Tomorrow I will be boarding a plane to go to the exotic Indian Ocean island of Mauritius to attend the annual CTMI conference (www.ctmi.mu). This trip will be a first for me in many aspects. I will be visiting a new country, meeting new brethren and building new relationships.

And yet, even as I board that aeroplane tomorrow. deep in my heart I know God has allowed me to go to that conference for a spiritual purpose. And I know He has called me to relate to whoever I come across in the spirit, not in the flesh. In hindsight, this is for my own good because if I were to view the people of God in the flesh, no doubt I would be tempted to play favorites.

That would be a spiritual disaster.

As Jesus was hanging on the Cross he looked down at his mother Mary and told her, “Woman, behold thy son”, as He indicated to John, the son of Zebedee. Then He turned to John and told him, “Behold thy mother!”

The Bible says, “And from that hour that disciple took her unto his own home”. Jn. 19

This might indicate that Joseph was already dead because it is highly unlikely that Jesus would command John to take care of His mother while her husband was still alive! The Bible, however, does clearly state that Jesus had other brothers and sisters, any of whom He could have directed to watch over their mother, if He felt the need to give that directive.
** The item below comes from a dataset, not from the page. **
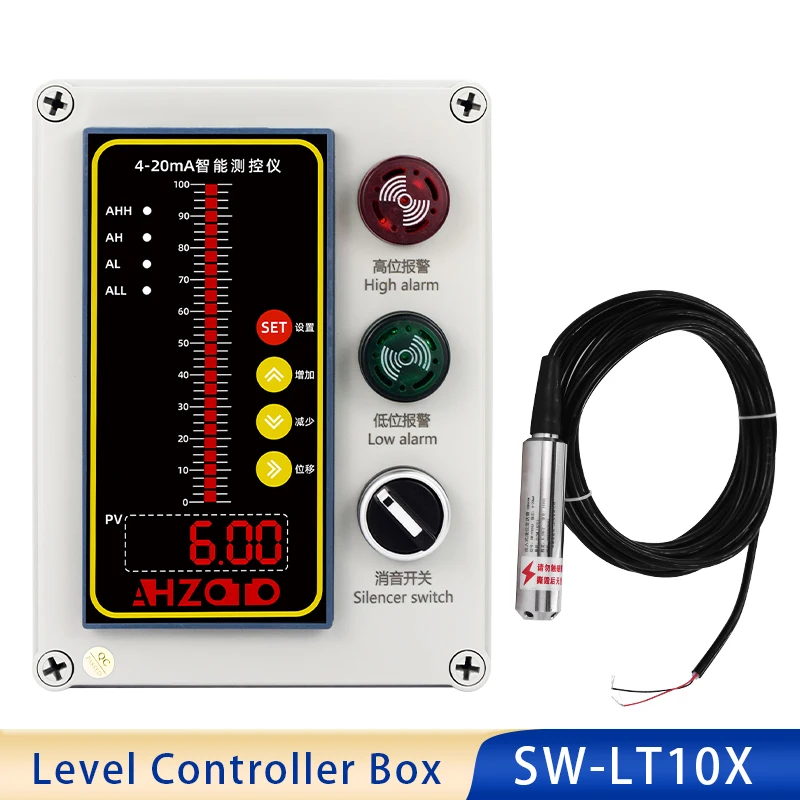 

Liquid Level Display Control Box Waterproof Integral Level Transmitter Controller Input 4-20mA Water Level Alarm Tank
Jesus did indeed feel the need to instruct over His mother’s welfare. But it was her spiritual welfare He was thinking about. And who better to commit that responsibility to than the disciple “whom He loved” (Jn. 19:26), the one who leaned on Jesus’ bosom, the one who knew and felt Jesus’ heart more than any of the other disciples. It was John that Peter had asked to inquire from the Lord who it was that would betray Him, for, apparently, only John could elicit that secret from Him.
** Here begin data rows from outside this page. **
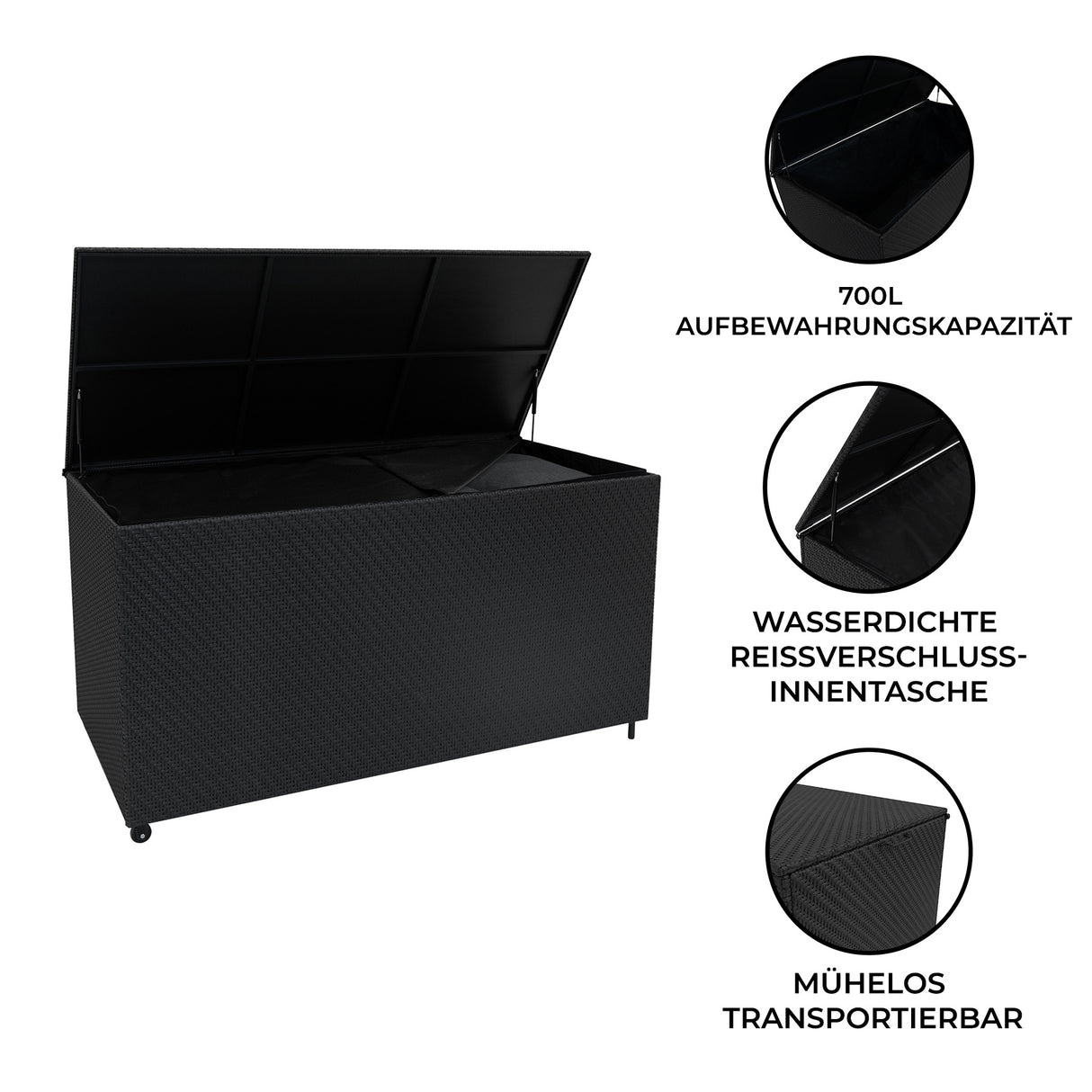 Rattan Kissenbox 700L - Schwarz
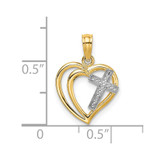 14K W/ Rhodium Cross In Heart Charm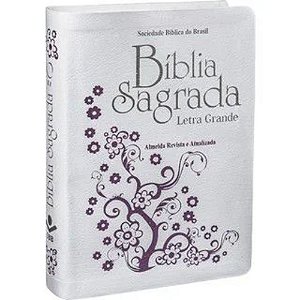 Bíblia Sagrada SBB Capa Luxo Couro Sintético Branca Flores, Letra Grande, Tam Pequeno, Borda Prateada, Almeida RA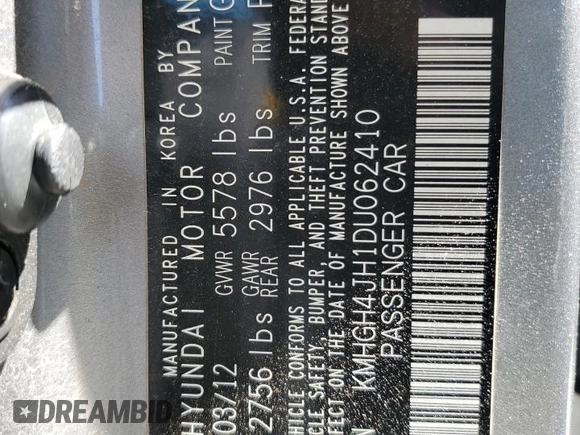 2013 Hyundai Equus Signature with VIN KMHGH4JH1DU062410, listed as a Copart auction lot 53730735 with 196,758 mi miles and Clean Title. Bid and sale history available at DreamBid. Image 12.
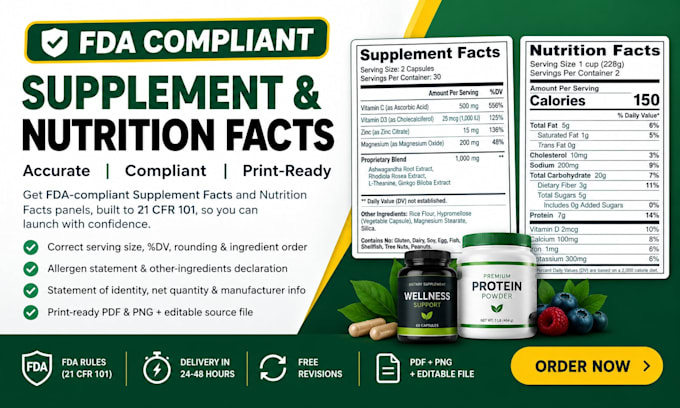 create fda compliant supplement and nutrition facts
It is little wonder that the Apostle John is today known as “the Apostle of Love”, for he wrote much on love; and love, as we know, is the very essence of God.
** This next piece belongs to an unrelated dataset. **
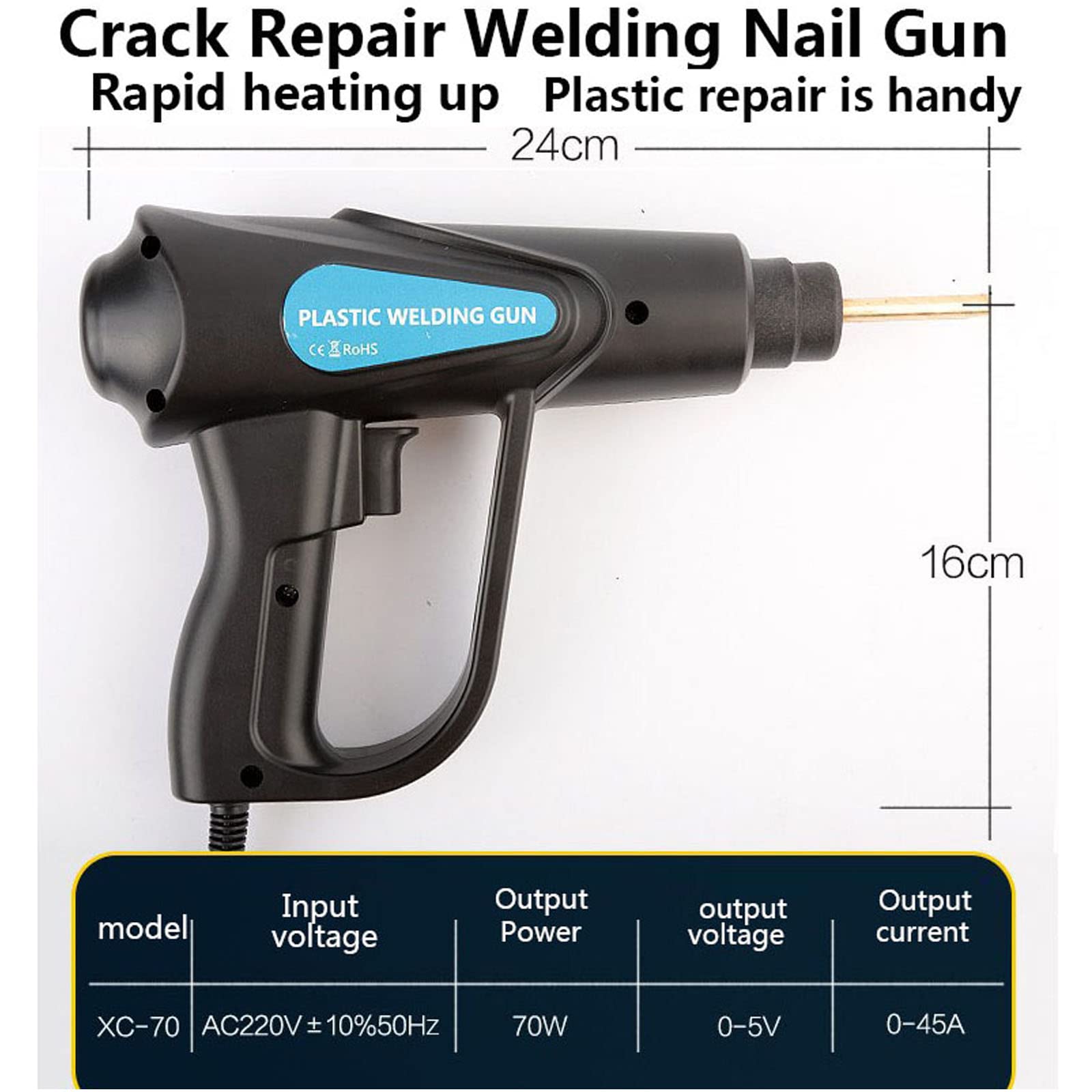 Plastic Welding Machine Car Bumper Repair Kit, 70W Plastic Welder Hot Stapler Welding Gun with Outside Corner/Inside Corner/Flat/Wave Staples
Jesus could trust his mother with such a man, a man who knew His heart, and His purposes.

Likewise, the Apostle Paul would tell Timothy, the son whom he begot in the faith, “But thou hast known my doctrine, manner of life, purpose, faith…” 2 Tim. 3:10.

We are not called into salvation to answer to or to gratify fleshly and emotional ties. We are called to seek after spiritual relationships alone.

We spend a lot of energy and time building on relationships that are not spiritual. Jesus did not do that. He redeemed the time. He knew whom to trust with His mother, and He did not waste the opportunity.

As I travel to the conference tomorrow, let nothing take precedence over the known will and purpose of God in my life: to link up with the men and women of God in the spirit.

So help me God.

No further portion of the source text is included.